Success Rate

By Sebastian Sprenger / June 17, 2009 at 5:00 AM

Members of the House Armed Services Committee apparently found many of the Defense Department's legislative ideas from the past two months convincing. The summary of the panel's fiscal year 2010 defense authorization contains a number of provisions that will sound familiar to those following our coverage.

For example, panelists gave a thumbs-up to the DOD idea of training private-sector information technology specialists at the Defense Cyber Investigation Training Academy (DCITA), operated by the DOD Cyber Crime Center in Maryland.

Also considered in the bill is a Pentagon request to authorize the provision of senior-level civilian U.S. defense advisers to the defense ministries of Iraq and Afghanistan.

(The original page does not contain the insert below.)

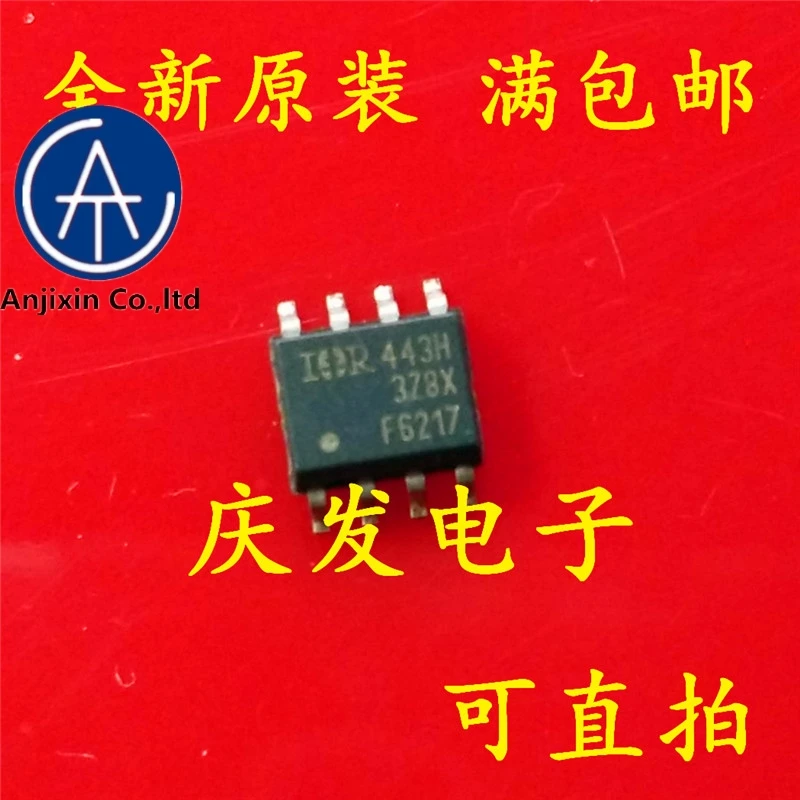 10 PCS 100% orginal new 100% quality real stock new and original IRF6217TRPBF IRF6217 F6217 SOP8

A DOD request to expand a program for paying tipsters who provide counterterrorism-related information directly to US. officials or through foreign intermediaries made it into the bill, too.

Lawmakers OK'ed a Pentagon request to make permanent a pilot program for sharing space situational awareness data with private companies and foreign organizations.

They included a DOD proposal in their bill that would make it possible for the Pentagon to do business with countries eyed to host segments of what U.S. officials call the Northern Distribution Network of supply routes to Afghanistan.

However, committee members adopted the latter proposal with caveats. A panel spokeswoman would only say the bill language is “much more limited” than what DOD officials wanted.

The final bill text, which should include details on the limitations, will be available to the public after committee staffers file the legislation with the House Rules Committee later this week, the spokeswoman said.